What is a Lottery?

A lottery is a game in which tokens are distributed or sold, and the winners are secretly predetermined or ultimately selected by drawing. Modern lotteries include games in which people purchase chances to win prizes ranging from units in a subsidized housing complex to kindergarten placements at a public school. There are also lotteries that award sports draft picks to paying participants.

The practice of distributing goods or property by lot dates to ancient times. Moses is commanded in the Old Testament to give away land by lottery, and Roman emperors gave away slaves, products, and even properties during Saturnalian feasts. Lotteries became widely used in the early American colonies to raise funds for public projects, and by the Revolutionary War were a major source of voluntary taxes.

Many lottery systems require the participation of a large number of people, making it impossible for any one person to influence the outcome. To avoid such a situation, the lottery must be structured so that the prizes are allocated by chance.
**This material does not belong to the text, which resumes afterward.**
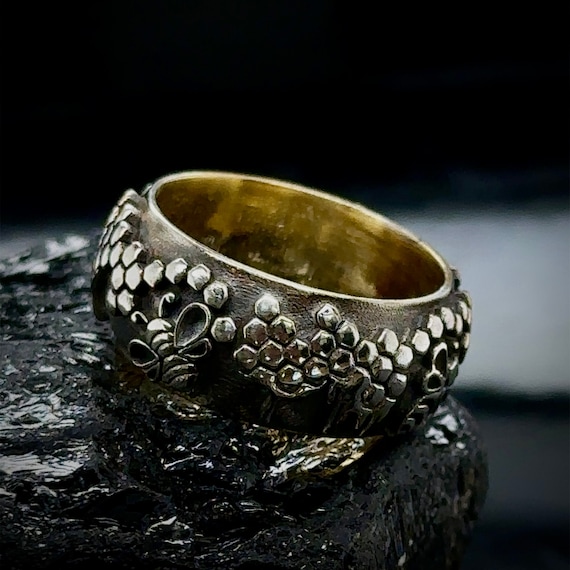 Captivating Native American Navajo Huge Honeybee Sterling Silver Ring Captivating Native American Navajo Huge Honeybee Sterling Silver Ring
A lottery must also provide a means of recording purchases, ticket sales, and winnings, and it must be possible to transport tickets and stakes.

The word lottery derives from Middle Dutch loterie, a calque of the Middle French loterie “action of drawing lots.” The first state-sponsored lottery was held in the Netherlands in the 15th century. In the United States, lotteries are legalized by state law and overseen by federal agencies. In addition to generating revenue for government services, they also promote gambling.